> Try it
Copy out the whole listing exactly as written, leaving the pictures behind.

> Raw data

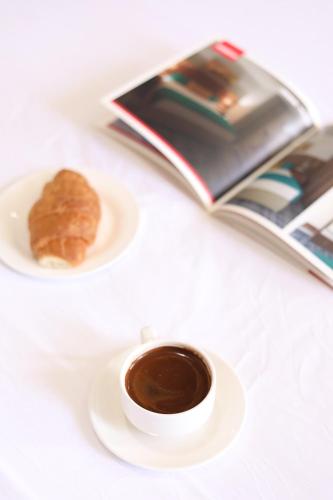 a cup of coffee and a pastry on a plate with a book at The Castle Hotel in Amman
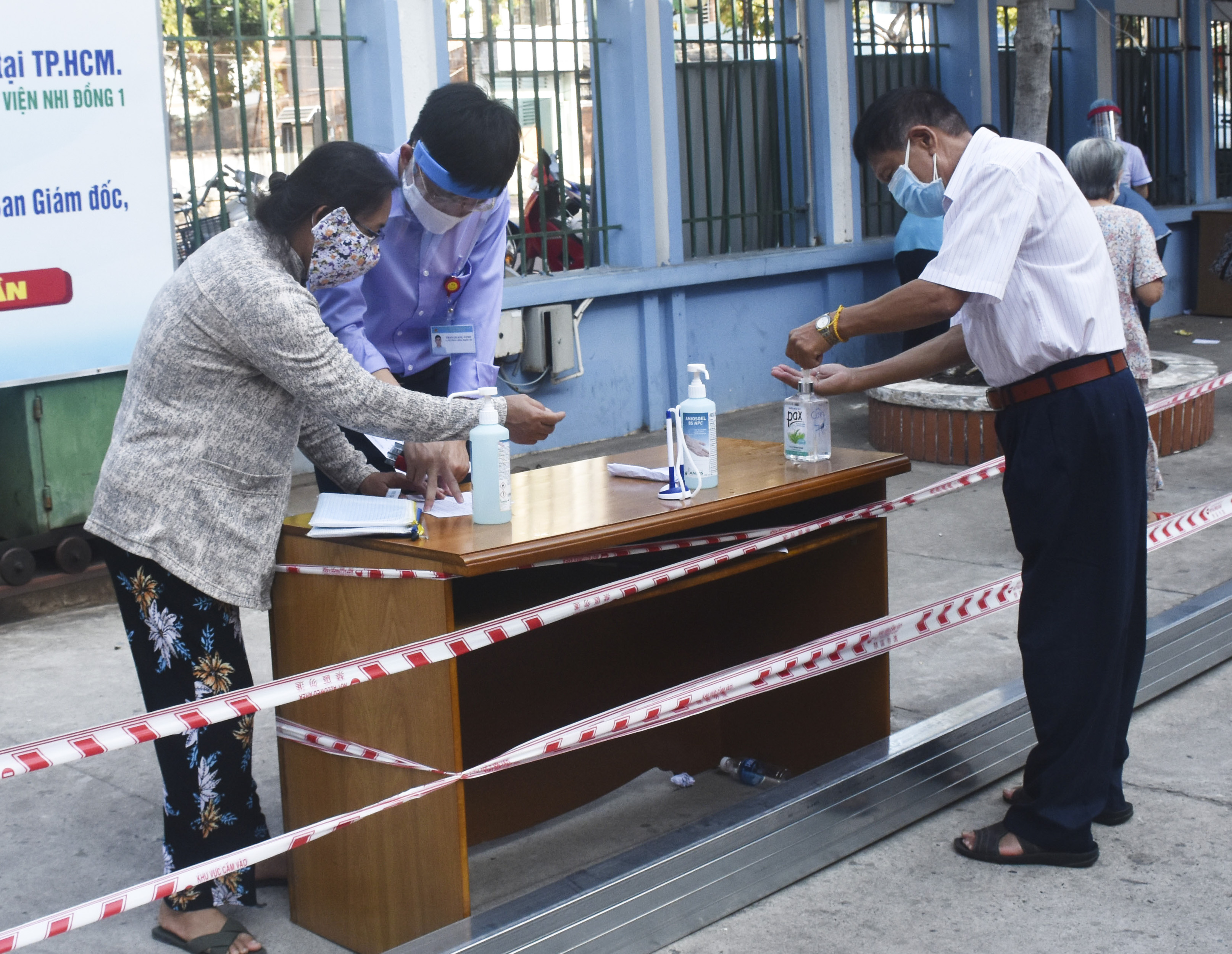 Nhân viên y tế hướng dẫn người đến BV khai báo y tế và yêu cầu sát khuẩn tay trước khi vào bệnh viện.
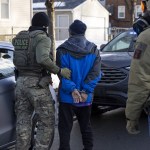 Federal Agents arrest a man after scanning his face as they stopped and questioned him in the street during an Immigration Enforcement Operation in Minneapolis, Minneapolis, MN, U.S., January 13, 2026.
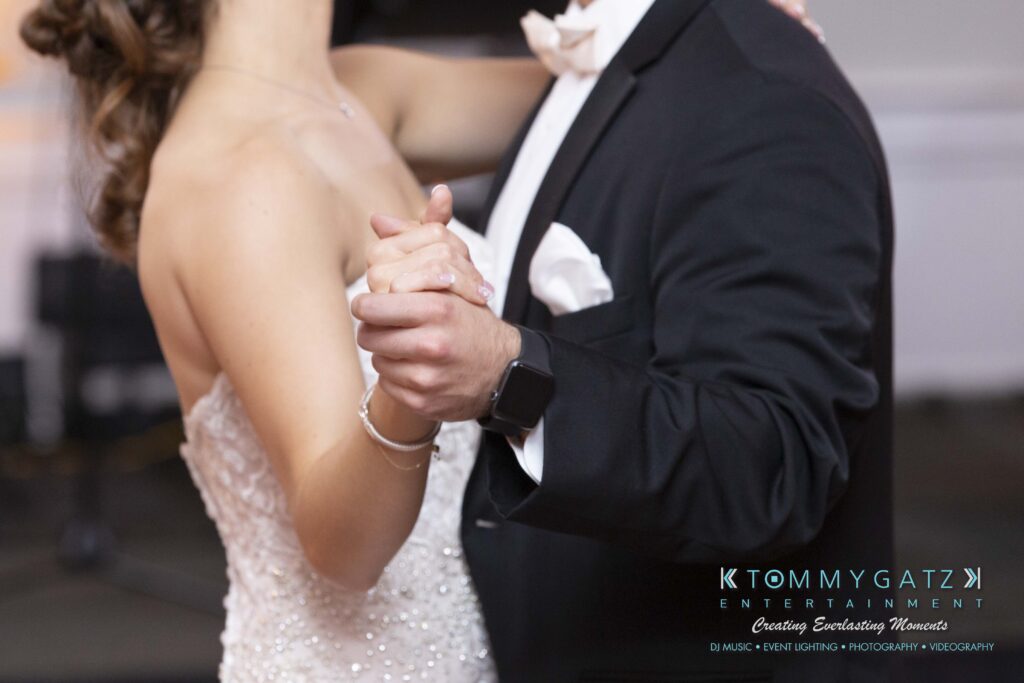 A couple dancing together, the woman in a strapless dress and the man in a suit. Their hands are clasped, with the man wearing a watch.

> Response to the exercise
 a cup of coffee and a pastry on a plate with a book at The Castle Hotel in Amman
 Nhân viên y tế hướng dẫn người đến BV khai báo y tế và yêu cầu sát khuẩn tay trước khi vào bệnh viện.
 Federal Agents arrest a man after scanning his face as they stopped and questioned him in the street during an Immigration Enforcement Operation in Minneapolis, Minneapolis, MN, U.S., January 13, 2026.
 A couple dancing together, the woman in a strapless dress and the man in a suit. Their hands are clasped, with the man wearing a watch.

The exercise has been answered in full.